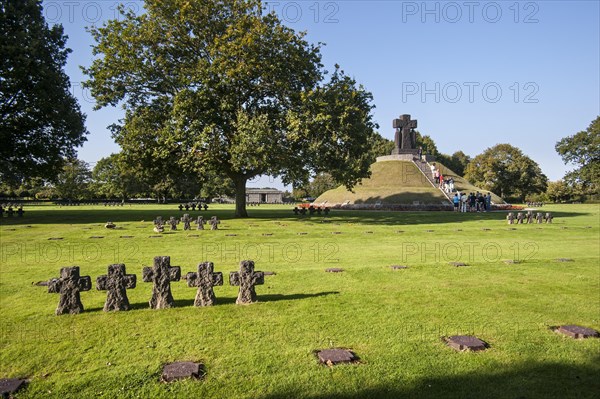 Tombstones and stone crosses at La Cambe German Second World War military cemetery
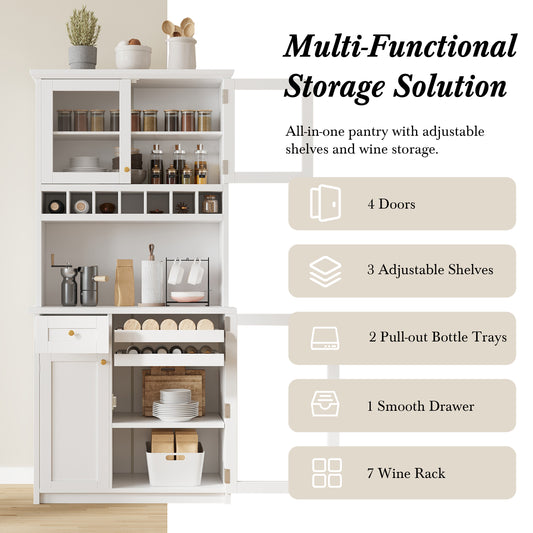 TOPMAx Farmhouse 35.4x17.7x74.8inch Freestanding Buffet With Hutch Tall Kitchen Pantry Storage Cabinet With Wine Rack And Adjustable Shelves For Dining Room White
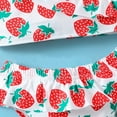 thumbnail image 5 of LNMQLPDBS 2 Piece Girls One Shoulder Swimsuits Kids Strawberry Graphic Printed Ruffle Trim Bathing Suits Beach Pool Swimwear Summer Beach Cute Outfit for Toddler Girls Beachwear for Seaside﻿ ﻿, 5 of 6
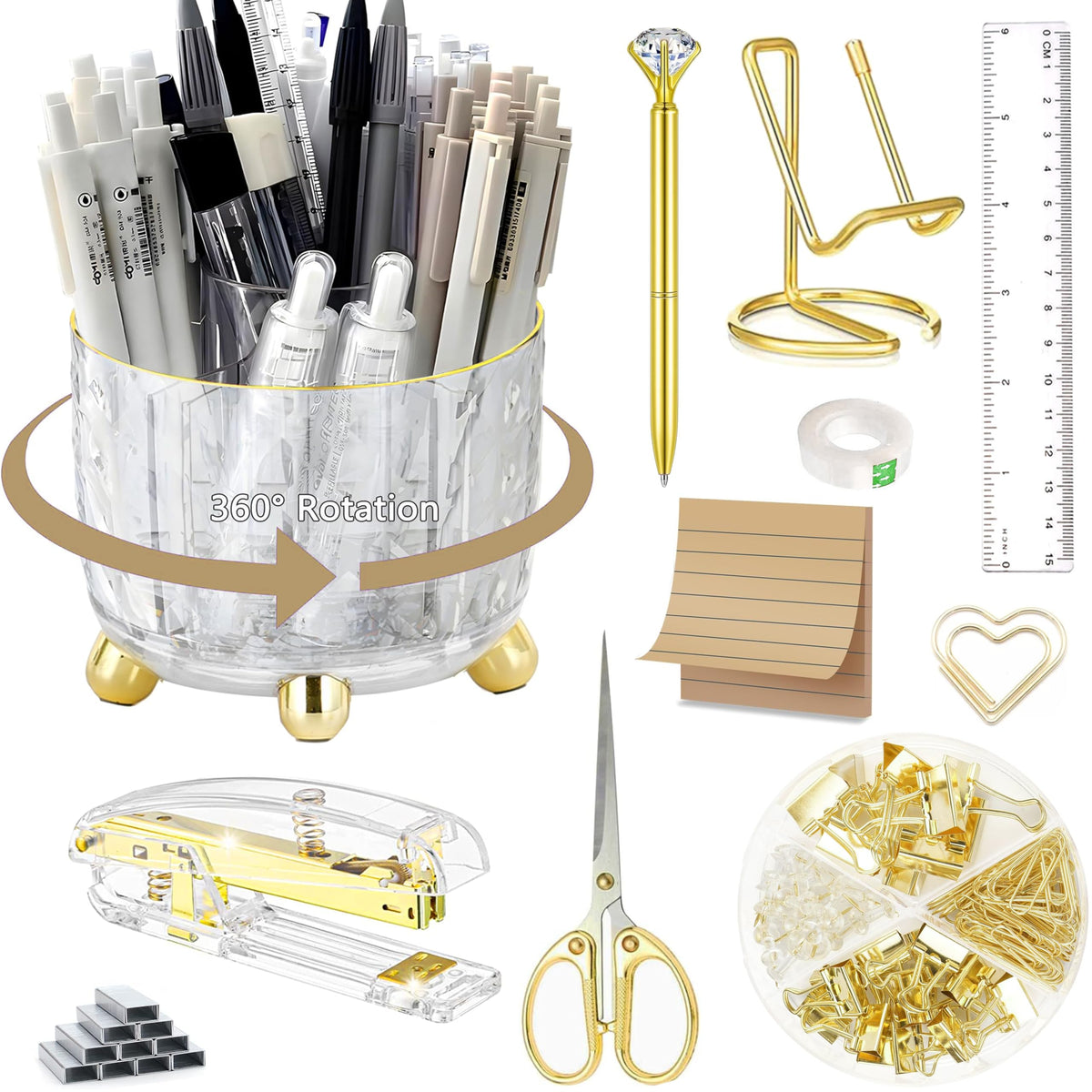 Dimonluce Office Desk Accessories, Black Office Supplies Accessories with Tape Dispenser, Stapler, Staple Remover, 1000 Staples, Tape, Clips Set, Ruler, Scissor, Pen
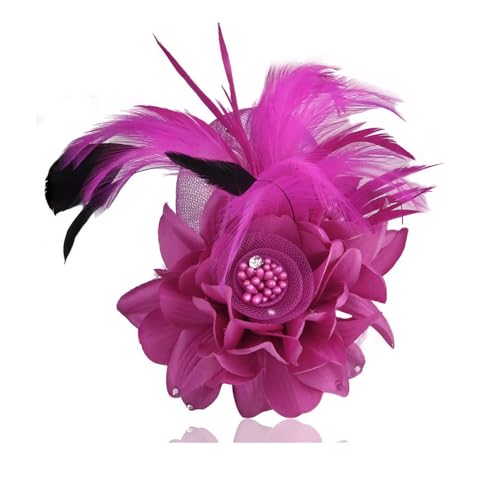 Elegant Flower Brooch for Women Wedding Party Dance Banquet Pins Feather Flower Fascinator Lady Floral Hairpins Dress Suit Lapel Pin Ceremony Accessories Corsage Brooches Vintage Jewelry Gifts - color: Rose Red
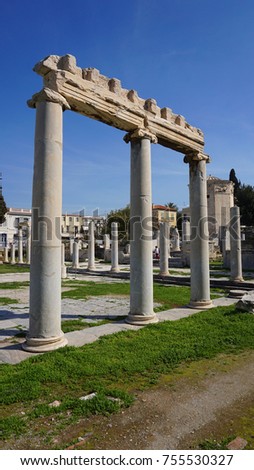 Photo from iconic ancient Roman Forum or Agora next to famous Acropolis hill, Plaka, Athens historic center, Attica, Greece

PROMPT: Once the pictures are removed, copy the listing exactly.

THE COMPLETED TASK:
 Tombstones and stone crosses at La Cambe German Second World War military cemetery
 TOPMAx Farmhouse 35.4x17.7x74.8inch Freestanding Buffet With Hutch Tall Kitchen Pantry Storage Cabinet With Wine Rack And Adjustable Shelves For Dining Room White
 thumbnail image 5 of LNMQLPDBS 2 Piece Girls One Shoulder Swimsuits Kids Strawberry Graphic Printed Ruffle Trim Bathing Suits Beach Pool Swimwear Summer Beach Cute Outfit for Toddler Girls Beachwear for Seaside﻿ ﻿, 5 of 6
 Dimonluce Office Desk Accessories, Black Office Supplies Accessories with Tape Dispenser, Stapler, Staple Remover, 1000 Staples, Tape, Clips Set, Ruler, Scissor, Pen
 Elegant Flower Brooch for Women Wedding Party Dance Banquet Pins Feather Flower Fascinator Lady Floral Hairpins Dress Suit Lapel Pin Ceremony Accessories Corsage Brooches Vintage Jewelry Gifts - color: Rose Red
 Photo from iconic ancient Roman Forum or Agora next to famous Acropolis hill, Plaka, Athens historic center, Attica, Greece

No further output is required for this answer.